As base/time OWNER, I see a lot of interesting CLs relating to test
flakiness, platform clock behaviors, etc. If it were feasible, I'd push for
the removal of all the global TimeXYZ::Now() functions; and instead require
dependency injection of time sources in all code.
Post by Tommy C. Li
I've found that using base::Clock in the production class greatly improves
testability, as then tests can inject in a SimpleTestClock.
Tommy
On Thursday, November 15, 2018 at 5:02:33 PM UTC-8, Sunny Sachanandani
Post by Sunny Sachanandani
If you're testing the execution of delayed tasks, you can probably use
base::TestMockTimeTaskRunner
<https://cs.chromium.org/chromium/src/base/test/test_mock_time_task_runner.h?l=67>,
and you'll probably need to provide a TickClock instance e.g.
SimpleTestTickClock
<https://cs.chromium.org/chromium/src/base/test/simple_test_tick_clock.h?l=18>
to the code being tested.
Post by s***@chromium.org
Post by s***@chromium.org
I recently wrote a unittest that used Time::Now() and it started failing
the day after daylights savings time <https://crbug.com/901698>. It
assumed the current day would have 24 hours, which in retrospect is clearly
not safe.

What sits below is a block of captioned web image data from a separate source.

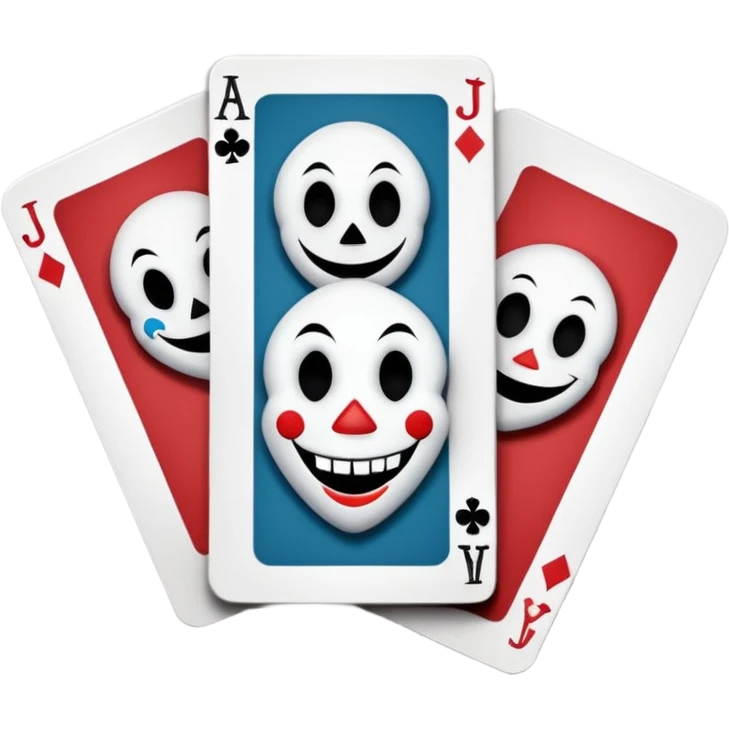 bunch of 3 poker cards, with crazy colorful human jolly jokers inside, inversed face, cuphead style emoji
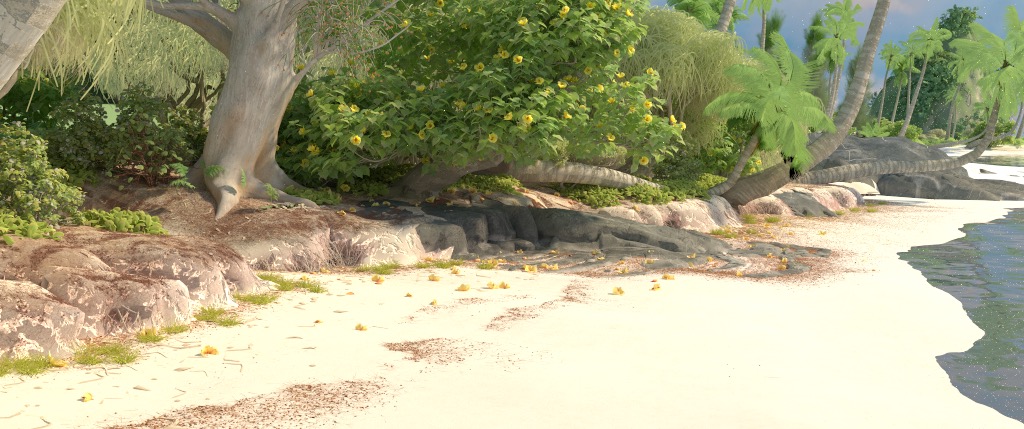 Figure 4b: 'beachCam' camera angle, rendered using PBRT v3.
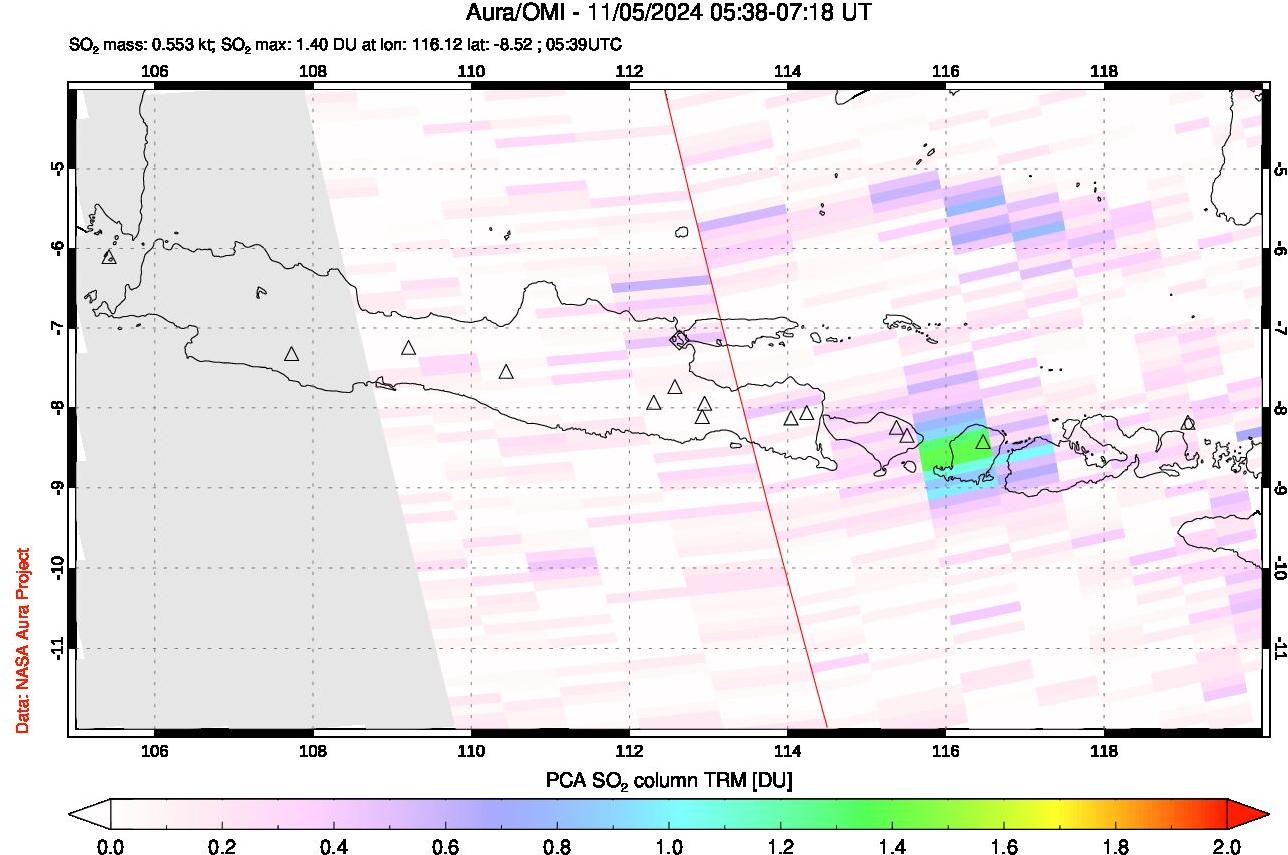 A sulfur dioxide image over Java, Indonesia on Nov 05, 2024.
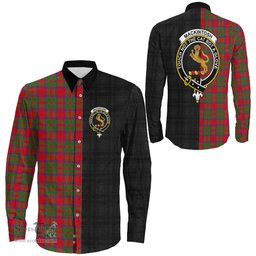 ScotsTee Shop Scottish MacKintosh Modern Clan Crest Half Tartan Long Sleeve Shirt
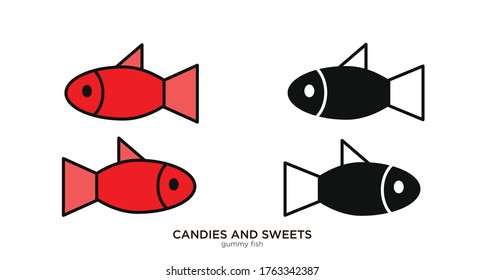 Gummy fish vector illustration lineal color and filled design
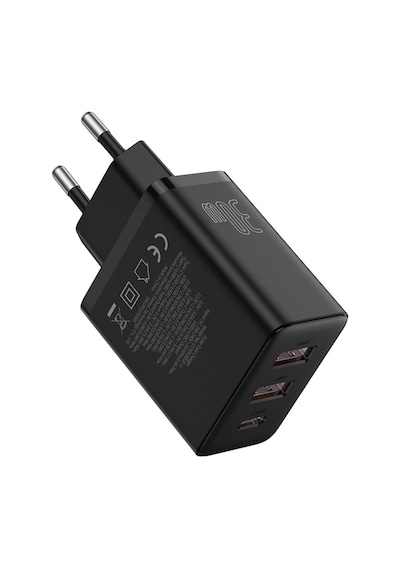 Baseus Cube CC-XFK30UE-U 2U+C 30 W Hızlı Şarj Cihazı Siyah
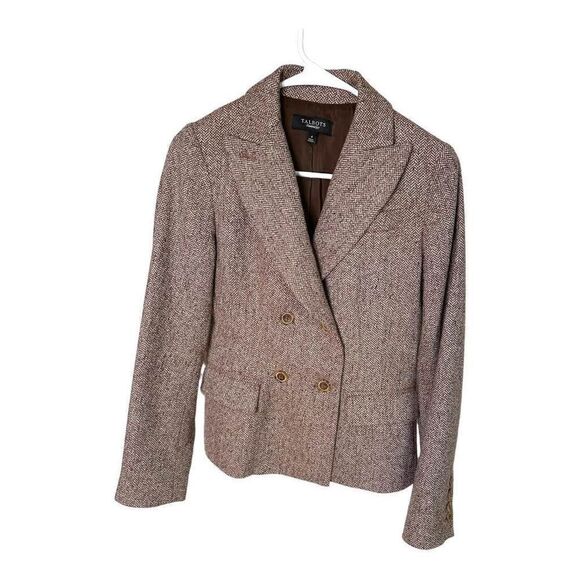 Talbots Maroon Herringbone Wool Blend Blazer - Size 4 - Picture 5 of 8
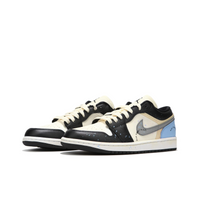 Custom Air Jordan 1 Black Blue Grey Low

But at the time, I didn't even consider the possibility.
It seems to me like putting Time::Now() in tests is dangerous and should
Post by s***@chromium.org
be stopped by a global PRESUBMIT. The disadvantages of Time::Now() that I
- Each test run is slightly different.
- Daylight Savings Time can cause temporary failures.
- Leap Year can cause temporary failures.
If running into this, I'd be careful to ask if this means that the
production code would also suffer from these problems. Code that is
measuring distance in time should generally be using TimeTicks, as Time is
not guaranteed to be monotonic, and jumps when the computer is put to
sleep, etc. Generally TimeTicks is the better choice unless you really want
to speak about wall-clock time. So for these reasons Time is dangerous in
tests, but also dangerous outside tests.
Post by s***@chromium.org
If you want your tests and impl to agree on the time, they should be
sharing a base::Clock. Or, seemingly more often, use base::TimeTicks
instead of base::Time.
There's been a thread (Testing base::OneShotTimer / "waiting" in a
browser test
<https://groups.google.com/a/chromium.org/forum/#!topic/chromium-dev/GyyJOmWGSVk>)
and a bug
<https://bugs.chromium.org/p/chromium/issues/detail?id=905412> about
process wide mocking of base::TimeTicks. But I don't this changes not
wanting Time::Now() in tests. And it doesn't sound like
<https://chromium-review.googlesource.com/c/chromium/src/+/1324414>
there are plans to process wide mock base::Time::Now().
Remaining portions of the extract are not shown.